Benzos have their place in certain patients, and certainly don’t inhibit compensation in the dose ranges that are normally used to treat VM. The common threshold is 5mg diazepam equivalence, but that level is rarely achieved/prescribed from what I’ve seen from folks over here.

Whether or not they have a place in your treatment ultimately depends on what hidden subcategory of disease your vestibular issues fall into: I think there are people here with central nervous system vertigo and others with peripheral, and its impossible to differentiate which as they’re grouped under the same syndrome, and the same treatment “works” for each in terms of treating symptoms. Although for those with CNS vertigo, Benzos certainly not only treat the symptoms but also the underlying cause, which is likely why a lot of people who undergo consistent treatment with Benzos are able to come off of them after some time with their disease in remission.
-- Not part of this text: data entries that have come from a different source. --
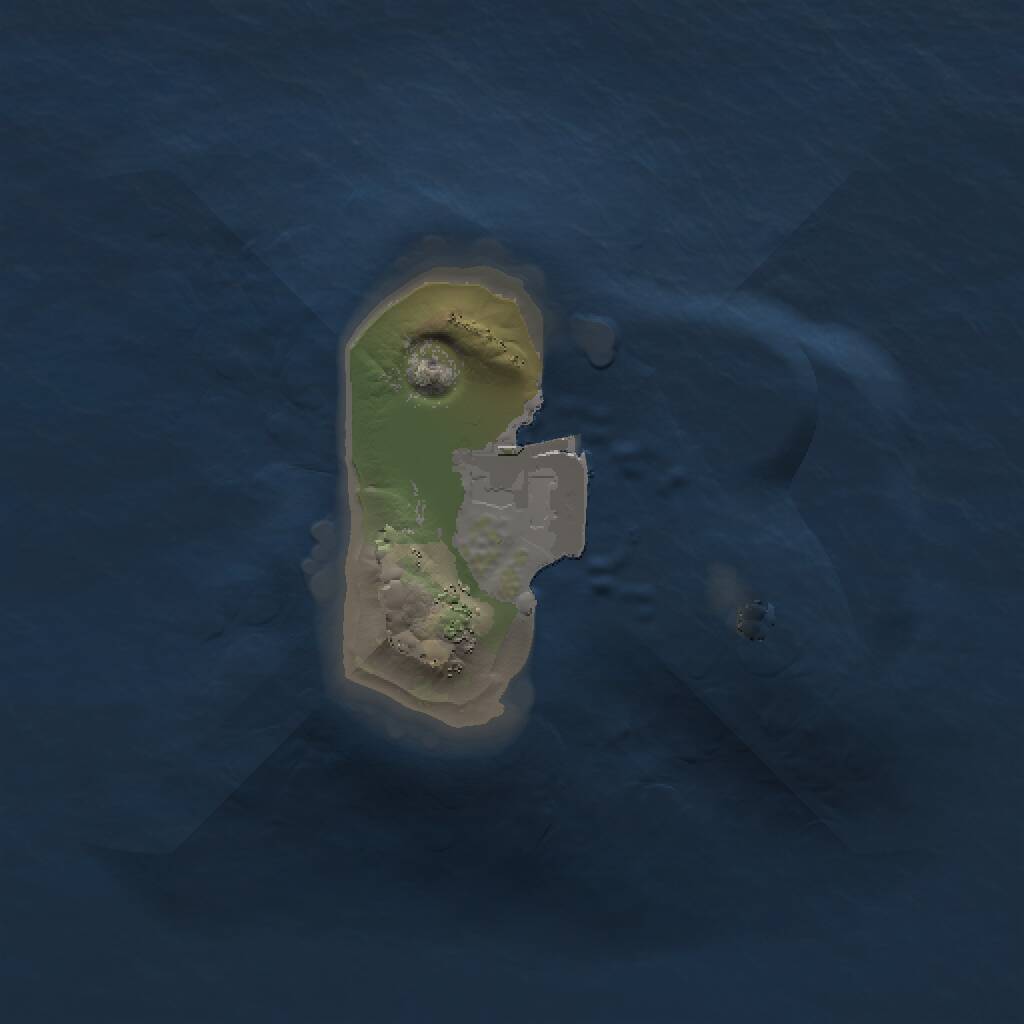 Rust Map: Procedural Map, Size: 1000, Seed: 1424700823, 1 Monuments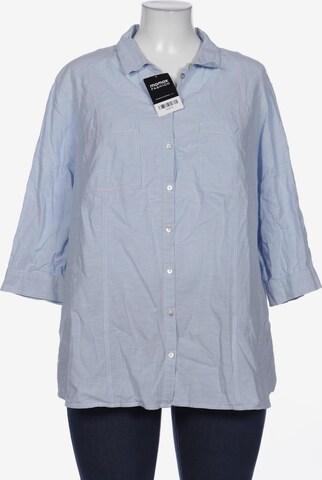 VIA APPIA DUE Blouse & Tunic in 5XL in Blue: front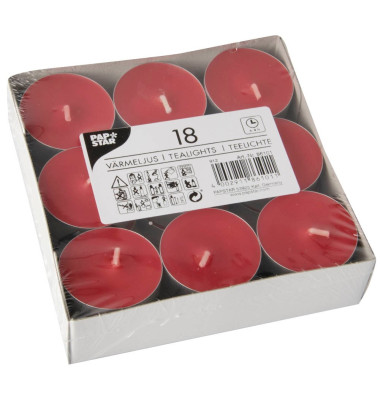 Teelichter 86101 rot 15x39mm (HxØ) ca. 4 Stunden Brenndauer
If “compensation” were the cause of their recovery, that wouldn’t add up.

Personally, I think the whole “compensation” thing is rather silly when it comes to vestibular migraine; if compensation were really key, then VRT would be the mainstay treatment for it, and there’s meager evidence for its use at best, and for many patients it makes them a lot worse.

The point of these prophylactic medications isn’t to mask symptoms, but to re-calibrate the underlying circuitry in your brain that’s causing the dizziness and nudge it ever so closer back to normal. These effects are persistent, although saying they’re because of “compensation” is probably inaccurate. Remember, this is a migraine disease phenotype – there is no “compensation” with migraine besides trigger management and gradual elevation of the brain’s baseline threshold to trigger migraine, which is accomplished by medication/lifestyle changes.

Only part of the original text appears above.